The Left’s Missing Argument on Asylum Violence
What an intelligent left-wing position on Sudanese asylum seekers should have been after the Belfast knife attack
There are benefits to immigration: A short-term GDP bump, cheap labor, great food, lower prices.
And then there’s this:
Thirty-year-old Hadi Alodid, a Sudanese asylum seeker, mounted and stabbed Stephen Ogilvie repeatedly in the face, head, neck, and back with a kitchen knife in north Belfast. Ogilvie lost his left eye and sustained serious injuries but survived.
There’s been a characteristic silence around the attack from left-wing media. The New York Times did cover it, but only in the context of the anti-immigration sentiment that ensued. Same with the other mainstream outlets I checked (BBC, NBC, Washington Post, CNN, etc.). This is a shame, not merely because it is gross journalistic malpractice to frame the event only in terms of its backlash, but because it deprives everyone (left, right, and center) of hearing what the intelligent left-wing critic has to say about the issue.
After the attack I called a few leftist friends to get their perspectives on the attempted beheading. Not a single person had even heard of the attack. Not one.
Maybe there is a reasonable way of interpreting this asylum seeker’s savagery that doesn’t lead one to think, as I did: “Jesus Christ, we’re long overdue to shut the borders and deport these people.” But because of the mainstream’s silence on the issue, we will never know what intelligent leftists have to say.
Whether or not I agree with the left or the right on any given issue, I think the presence of differing opinions and the resulting debate is an inherently good thing for a democracy. If people with whom you disagree are unwilling or incapable of forming arguments for their positions, and if you value truth and intellectual integrity then you should make their arguments better than they could. This is part of being an intellectually responsible adult: Understanding that you cannot be correct about everything and those who have substantive disagreements with you are almost certainly correct some of the time.

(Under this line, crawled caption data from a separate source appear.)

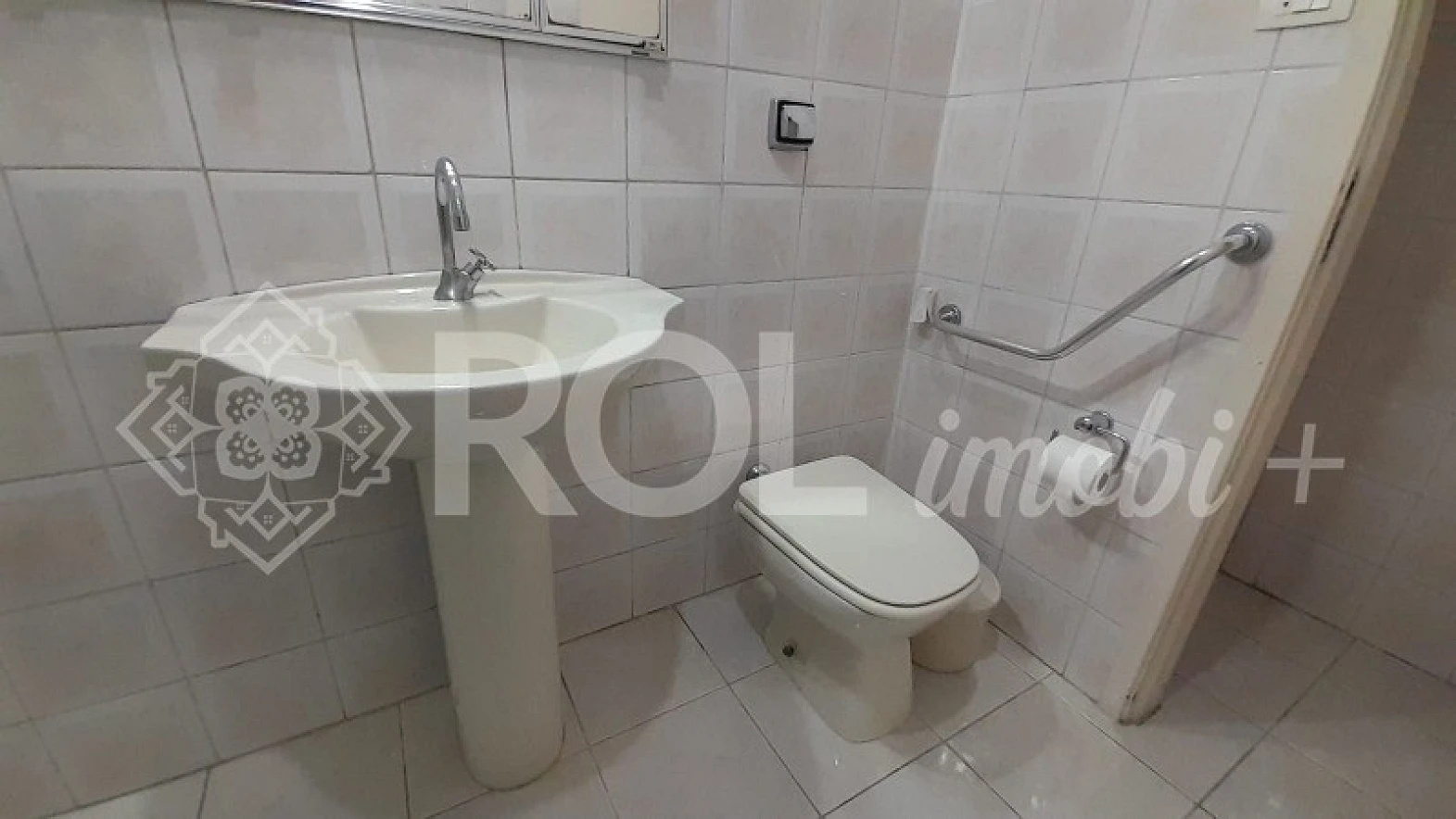 Sobrado 156 m² - 2 Dormitórios (1 Suíte) - 1 Vaga -  Barra Funda - Foto 15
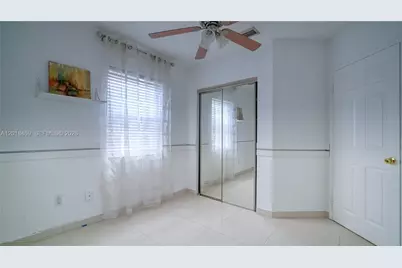 1520 N Andrews Ave, Fort Lauderdale, FL 33311 - Photo 14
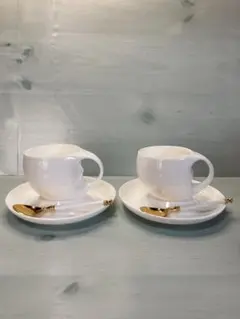 2026年最新】コラーニ カップの人気アイテム - メルカリ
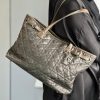 Dior Panarea Tote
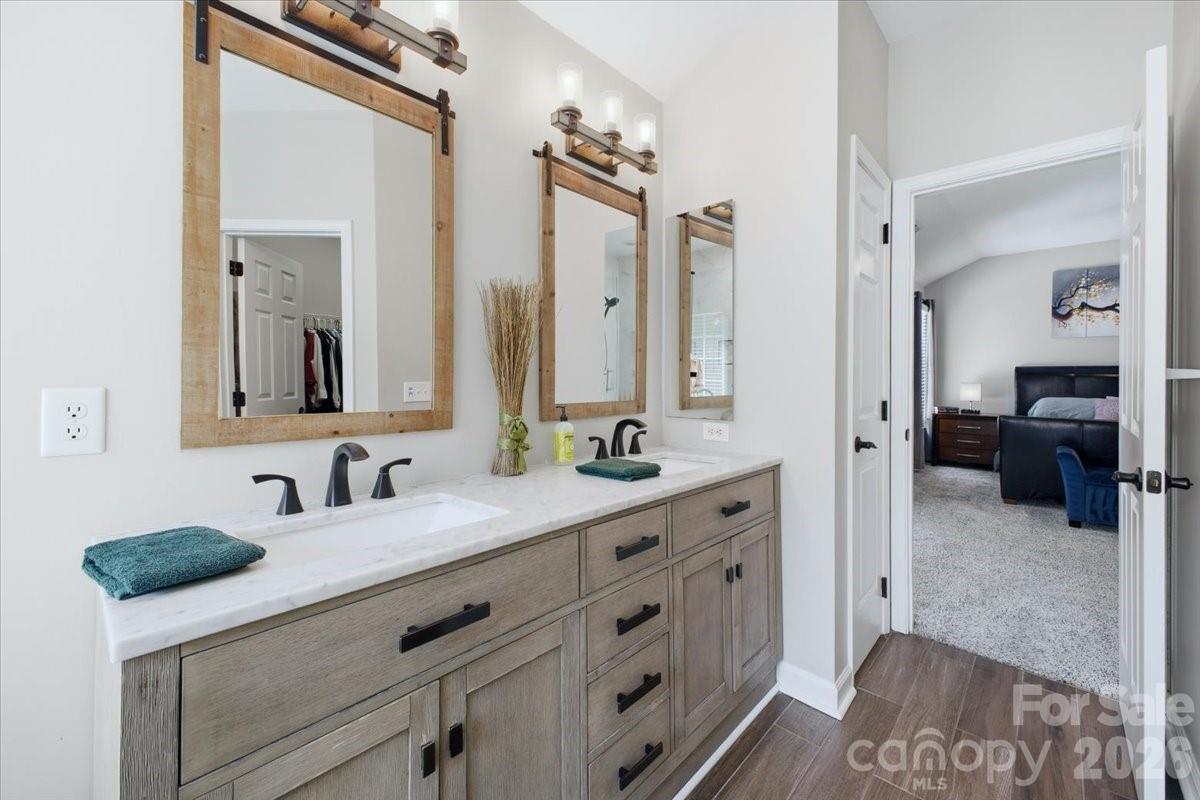 8414 Headford Road Charlotte NC 28277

So, in the absence of intelligent left-wing discussion on this issue, I’m going to steelman the opposition and tell you what I think the intelligent left-wing response to this issue should be:
A fair immigration system is liberal. We look at an immigrant, and we see him not for his race or country of origin, but for who he is as an individual. Is he likely to commit crime? To take from the treasury more than he will contribute? To be a productive member of the community?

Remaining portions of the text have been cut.